DATA EXCERPT:
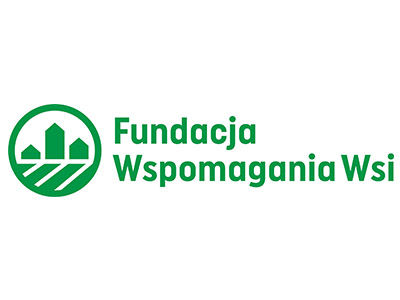 05-fundacja-wspomagania-wsi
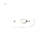 Cristen - LED Vanity - Acrylic Lens-996555721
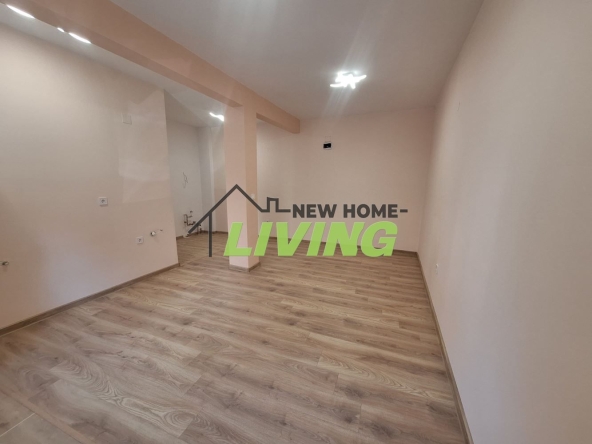 Едностаен апартамент в Пловдив, Кършияка - 33 кв.м за 2425 €/кв.м - Снимка #1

WHAT YOU WILL DO: Word for word, restate each line above, minus its pictures.

OUTPUT FOR THIS TASK:
 05-fundacja-wspomagania-wsi
 Cristen - LED Vanity - Acrylic Lens-996555721
 Едностаен апартамент в Пловдив, Кършияка - 33 кв.м за 2425 €/кв.м - Снимка #1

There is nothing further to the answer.